Formulae of neutron correlation measurements, such as Feynman-and Rossi-alpha, have been derived in the past by the master equation method or the joint detection probability method. Generally speaking, the master equation method is rigorous in the sense, that all elementary processes can be taken into account, but its manipulations are complicated and elaborate. On the other hand, the method of joint detection probability is heuristic, but several kinds of formulae can be easily derived from it.
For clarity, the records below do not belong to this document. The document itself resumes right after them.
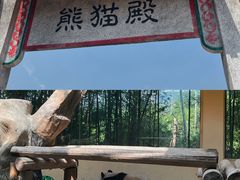 -杭州野生动物世界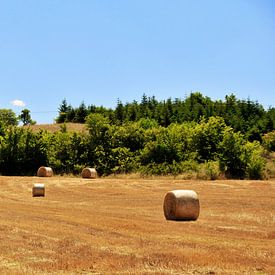 Toscane by Dennis Beentjes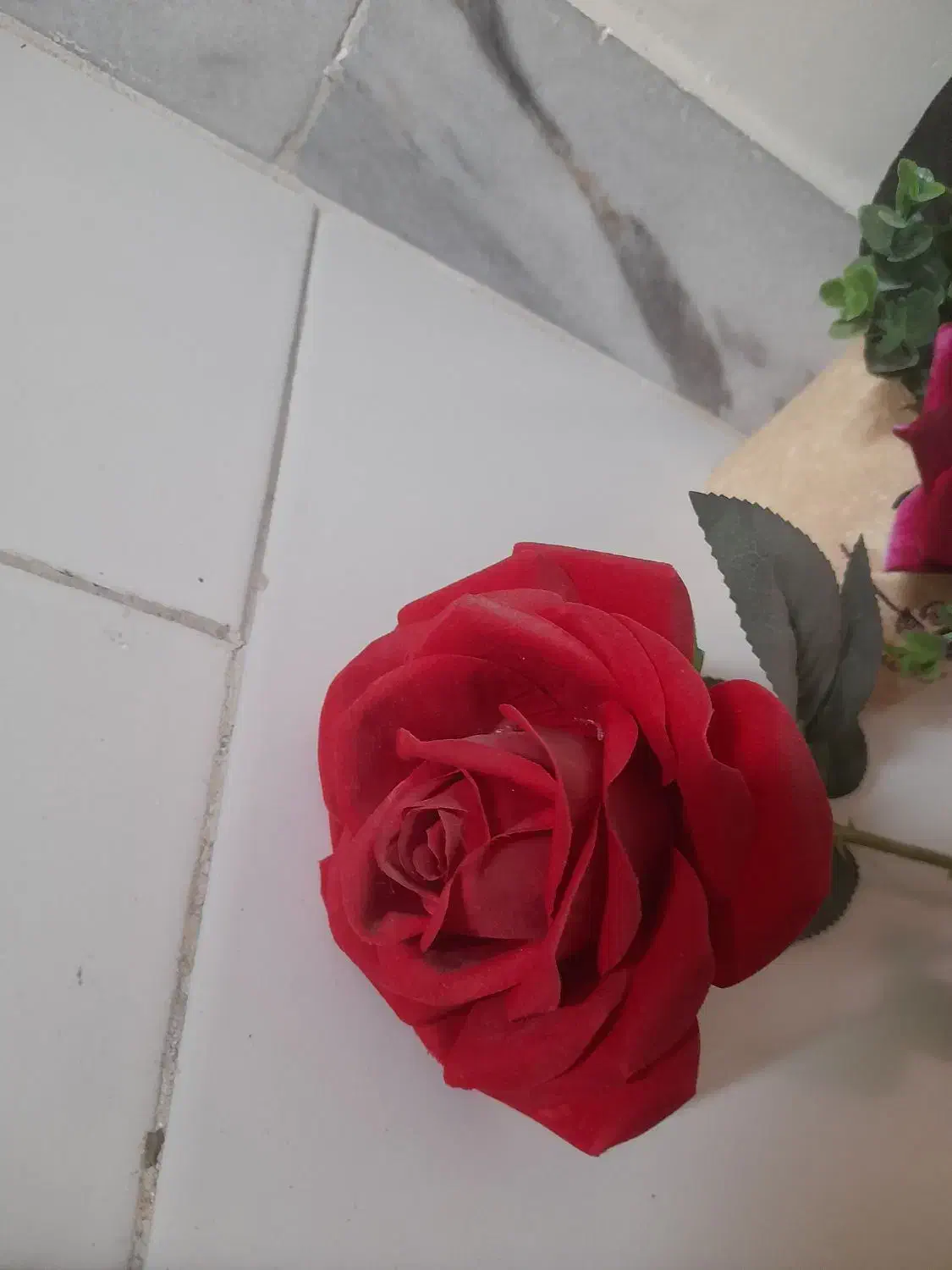 کاملا تمیز و سالم|گل مصنوعی|محمدشهر, جعفرآباد|دیوار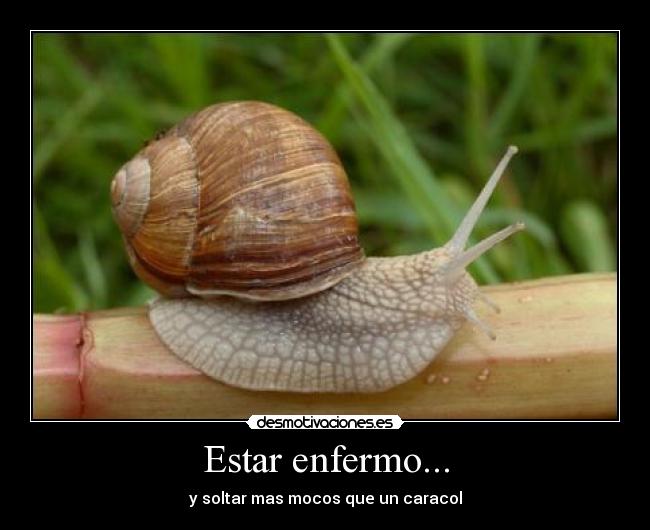 Estar enfermo... -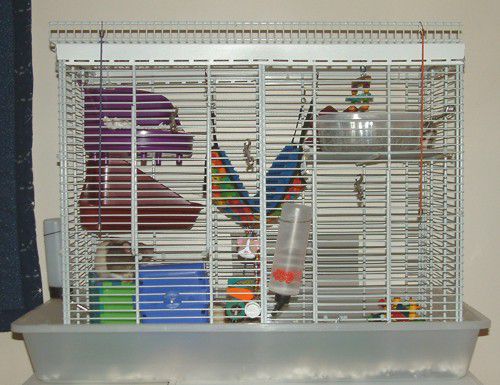 rat cage setup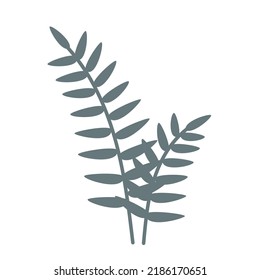 Simple fern plant. Doodle hand drawn vector illustration or label isolated on white.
It seems that these methods are complementary. Recently in order to develop a method for evaluating subcriticality in the accelerator driven subcritical reactors, we derived the Feynman-alpha formula with a correlated neutron source and delayed neutrons based on the master equation method. In this paper, based on a heuristic method, we have derived the joint detection probability including one group of delayed neutrons and a correlated neutron source, which is valid in deep subcritical systems. Then, as an application of this joint probability, the Rossi-alpha formula with delayed neutrons and a correlated neutron source has been derived.

Theory of neutron fluctuations in source-driven subcritical systems

Neutron fluctuations are investigated in a subcritical system driven by a non-Poisson (correlated) source. Such sources arise in e.g. accelerator-driven systems (ADS) where several neutrons are born simultaneously with a certain fluctuation in the spallation process. The second moment of the neutron number and of the detector counts is calculated. In particular, the Feynman-alpha formula is derived both by a master equation technique and with a heuristic approach. It is shown that the dependence of the variance-to-mean of the counts on the time gate is the same as in the traditional case (Poisson source), but its magnitude is enhanced by the source fluctuations and multiplicity. Thus, the presence of a correlated source is beneficial for the application of the Feynman technique. Consequently, it may be possible to perform measurements with deeper subcriticalities than in the traditional case.